Research Projects 2001-2005

Between 2001 through 2005, AFWG members developed the theoretical formulations of AFWG research projects. From this collaboration emerged the initial contours of three research project working groups: Bordercrossings, War and Displacement; Public Discourse, Representations, and Ideologies; Women, Work, and Well-Being.

After being awarded major research grants from the Ford Foundation and International Development Research Center (IDRC), AFWG launched its empirical research in 2003. Below is a description of the three research project working groups. 
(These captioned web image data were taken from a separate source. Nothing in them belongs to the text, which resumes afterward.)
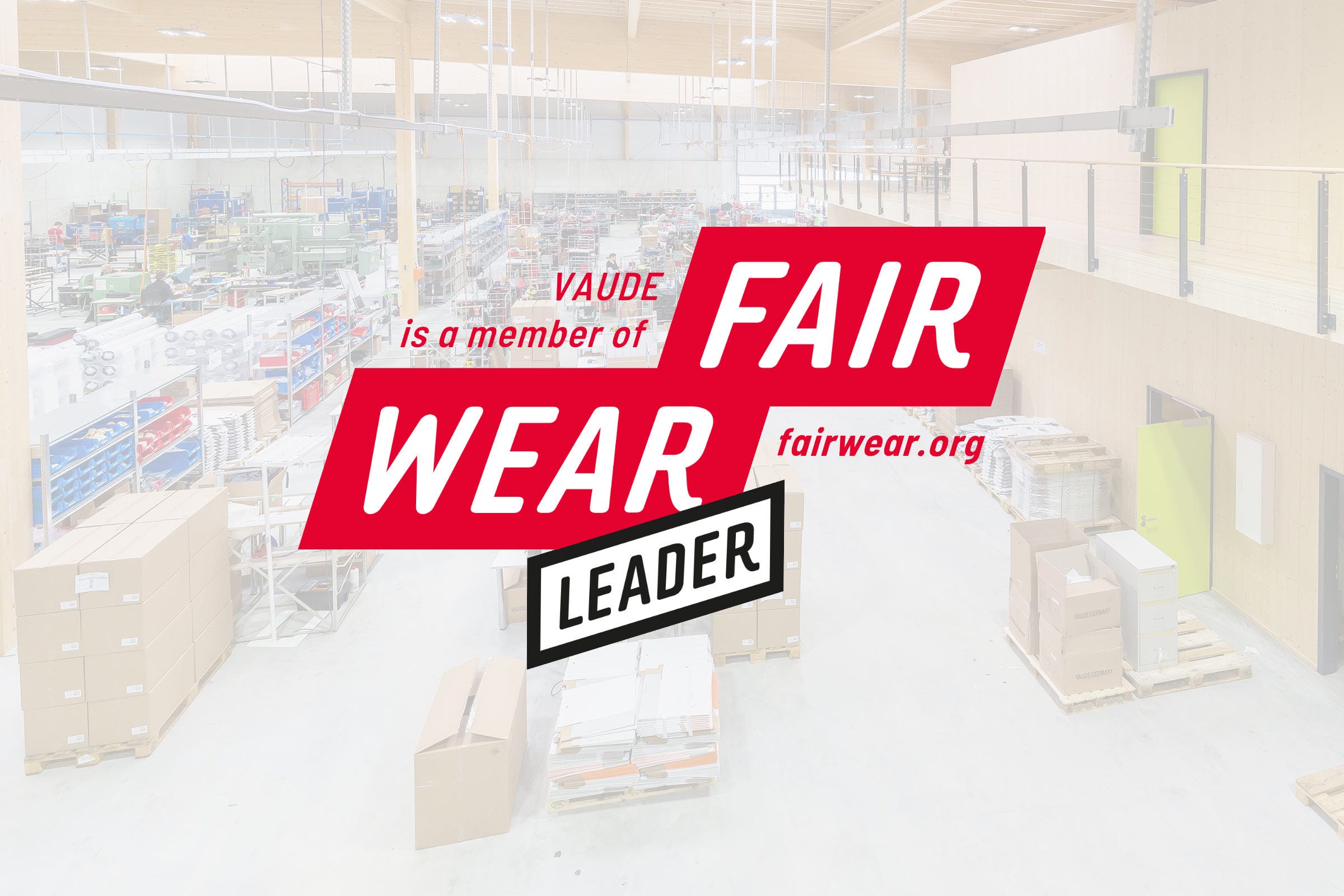 Im Hintergrund ein Lagerraum mit dem Fair Wear Logo überlagert.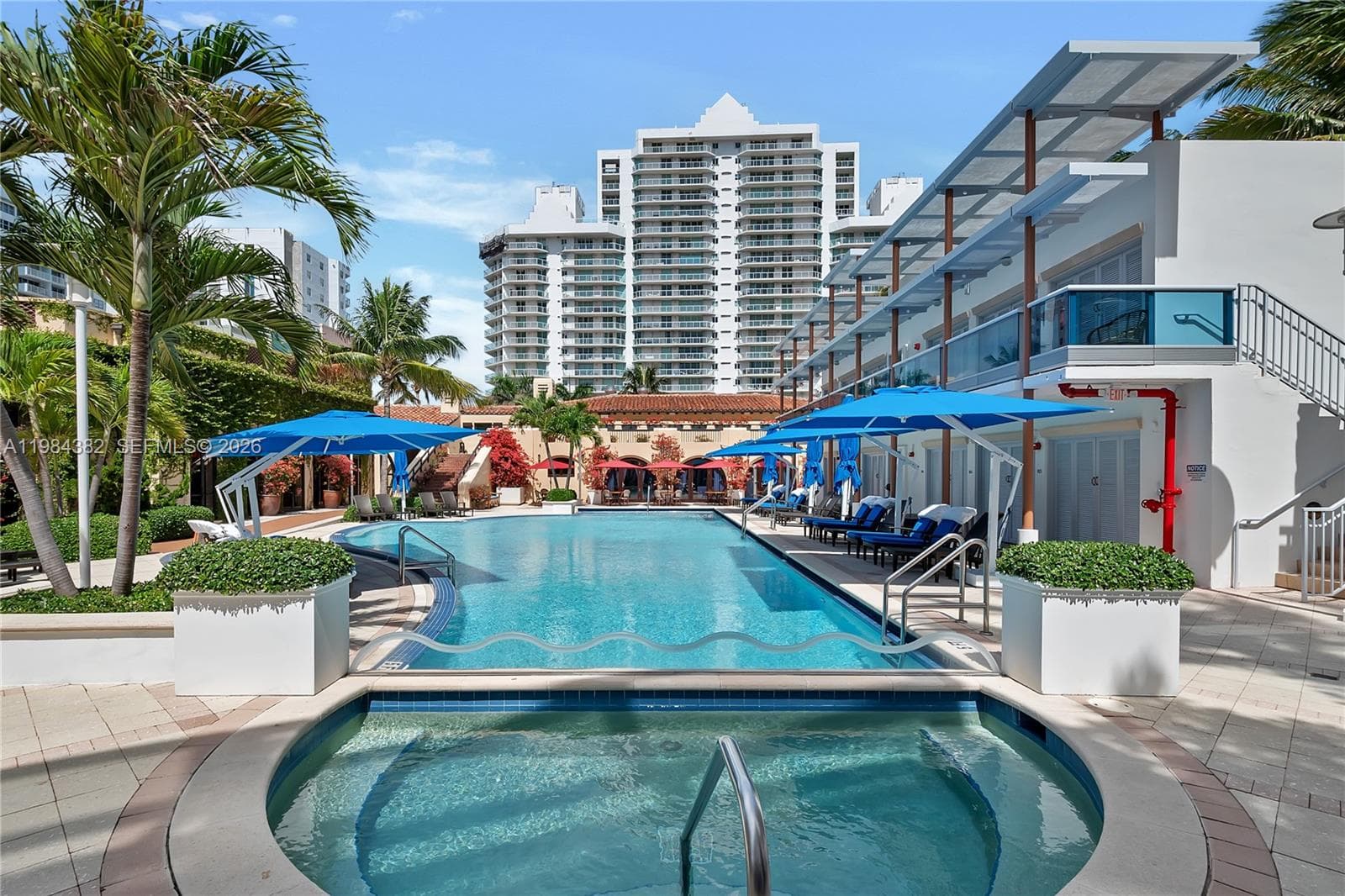 A11984382 — Miami Beach — 42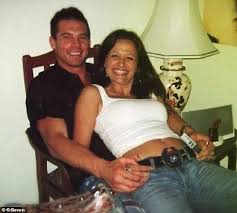 Ben cousins celebrates after winning the 2006 afl premiership with the west coast eagles. Fallen Footy Star Ben Cousins Wants A Comeback Months After His Release From Prison For Stalking Daily Mail Online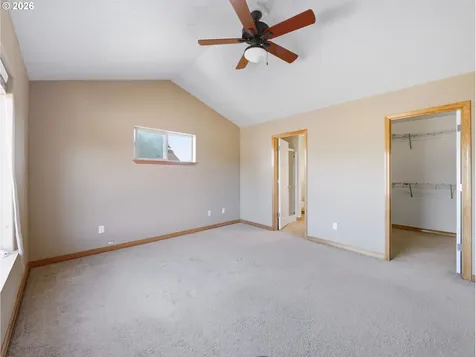2528 N Crater Lane Newberg OR 97132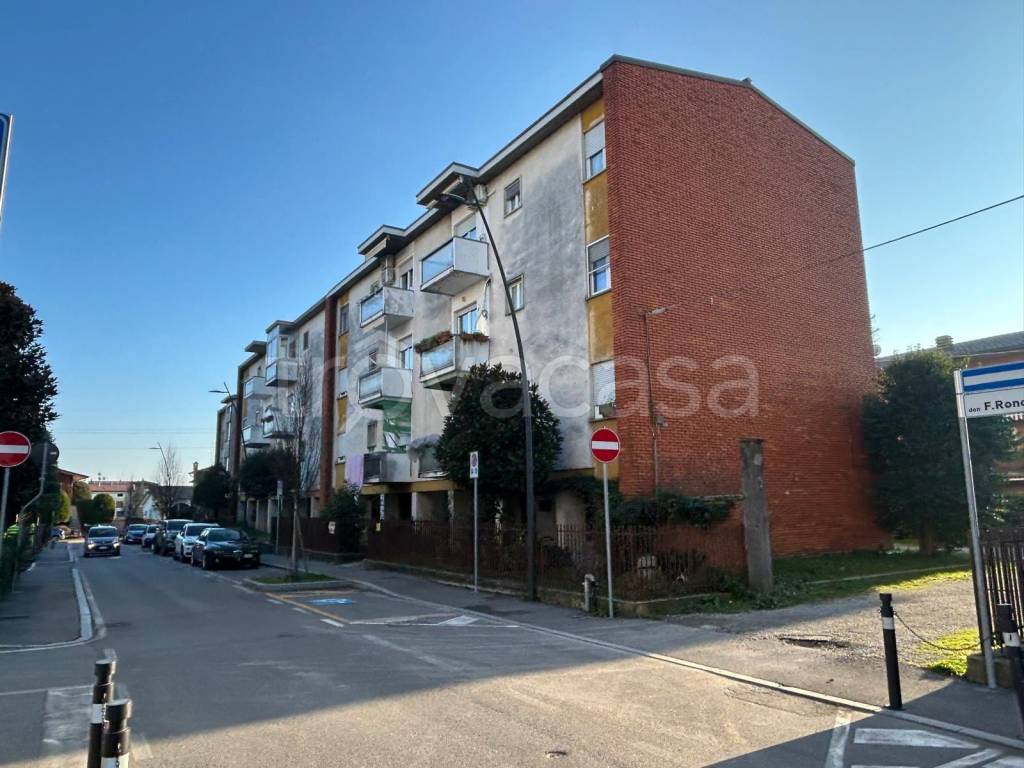 appartamento in vendita a Calusco d'Adda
(1) Bordercrossings, War and Displacement

Researchers: Rabab Abdulhadi; Leila Bisharat; Ibrahim Elnur; Ray Jureidini; Eileen Kuttab; Jihad Makhoul; Nadine Naber

This Research Project Group seeks to understand the ways in which processes of migration and displacement shape the ways in which Arab families are constructed, imagined and experienced. Exploring multiple diasporic sites in which public private boundaries of Arab families are reshaped and restructured differently, this project focuses on two key areas in the study of diasporic Arab families. First, we focus on the political economy of Arab families. Second, we focus on the cultural processes involved in the making of Arab families with a particular interest in the imagining and remembering of "home" and "homeland," as well as "memory," "language," "artifacts," and "yearning." In particular, we are interested in the ways that displaced/migrant families live and interact with their social and political contexts, including the emerging race, class, and gender intersections within those locations. To this end, we highlight the inter-family dynamics, including marriage patterns and child-rearing, as centered by diasporic ties. We also explore the agency of family members and the ways that cultural identities are central sites where Arab families are imagined and experienced. Finally, we are interested in the creative and innovate means enabled by different socio-cultural contexts and articulated or experienced by family members, including survival strategies and coping mechanisms. 
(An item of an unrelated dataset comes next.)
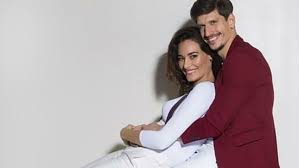 Görög zita és családja új házba költözött. Megszuletett Gorog Zita Gyereke Kulonos Nevet Kapott Nlc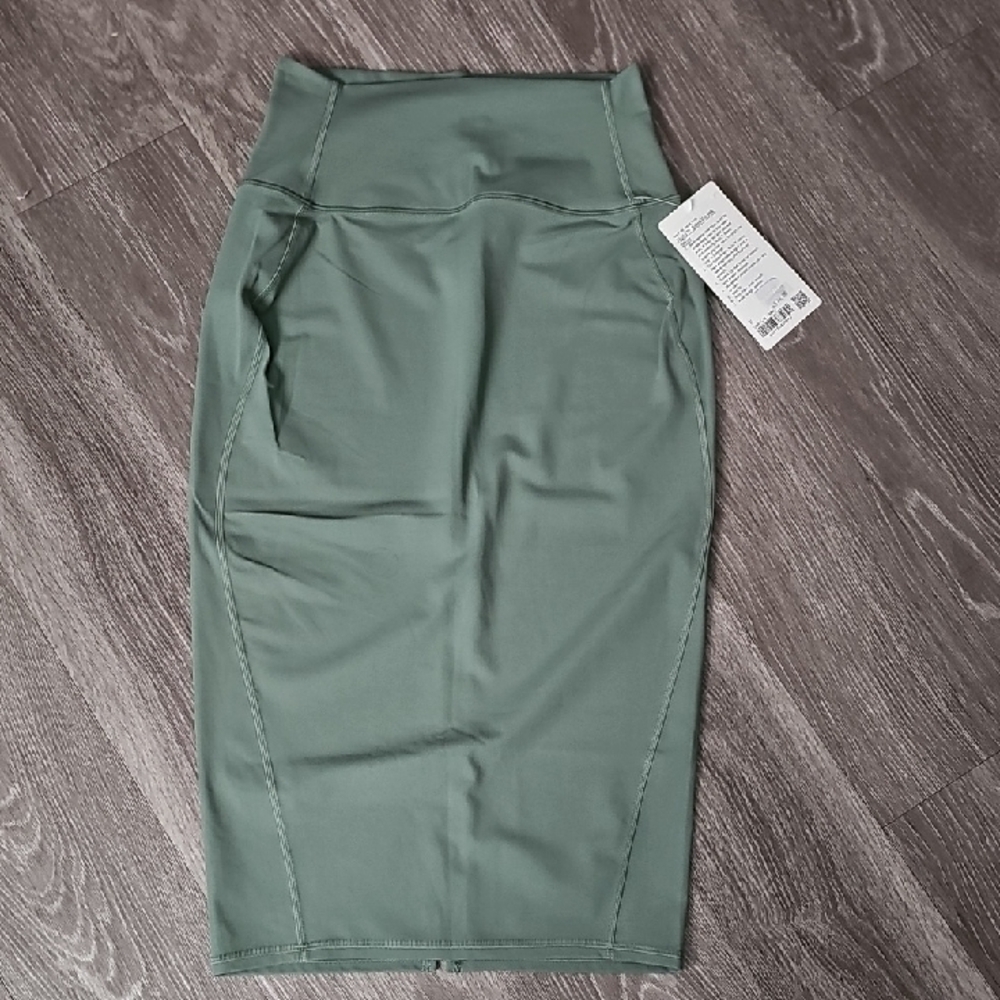 Lululemon NULU Slim Fit HR Skirt!! Sz 6, GREU! Gorgeous, Snatches U Innwts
Through this framework, each project addresses the ways in which the "private" is not an isolated, separate sphere but is constantly shaped and reshaped by socio-political structures. The key shifts in the gendering of public/provate boundaries that we explore are those related to: (1) the division of labor; (2) decision-making; (3) the formation of fictive and non-fictive kinship structures; and (4) the negotiation of survival and coping strategies. By taking different contexts and different historical circumstances of displacement seriously, this project highlights the effects of global political economies on the production of changing familiy boundaries. In doing so, this research inserts the global into Arab familiy studies from a gender studies perspective.

 

(2) Public Discourse, Representations, and Ideologies

Researchers: Josette Abdalla; Lina Abu-Habib; Lamis Abu Nahleh; Soraya Altorki; Dina Craissati; Hoda Elsadda; Barbara Ibrahim; Penny Johnson; Suad Joseph; Samia Mehrez; Annelies Moors; Martina Rieker; Sahar el Tawila; Malak Zaalouk; Zeina Zaatari

The Arab Families in Public Discourse, Representations, Ideologies Research Project Group explores ways in which representations of families impact upon policies and social practices in comparative regional frameworks.  The project focuses on three areas in particular:

  • Representations of families in public policy, media, educational institutions and literature Discourses of family law and marriage contract practices, and Ideologies of citizenship and the roles assigned to families and children within them, including the socialization and development of children.

 

(3) Women, Work, and Well-Being

Researchers: Mona Khalaf; Marwan Khawaja; Afaf Meleis; Hoda Rashad; Naila Sabra; Hania Sholkamy; Huda Zurayk

This Research Project Group focuses on how families define and experience their individual and collective well-being. Emphasis is placed on women’s work and education as major forces shaping the realities and conditions of everyday life. The concern extends to different aspects affecting the quality of life of the surveyed families. The parameters used encompass among other concerns: gender dynamics, standards of living, coherence and integration, sense of satisfaction, leisure times, children welfare and development.  The study focused on two life cycle stages: an early stage of a couple with young children and a later stage of a couple with adult children.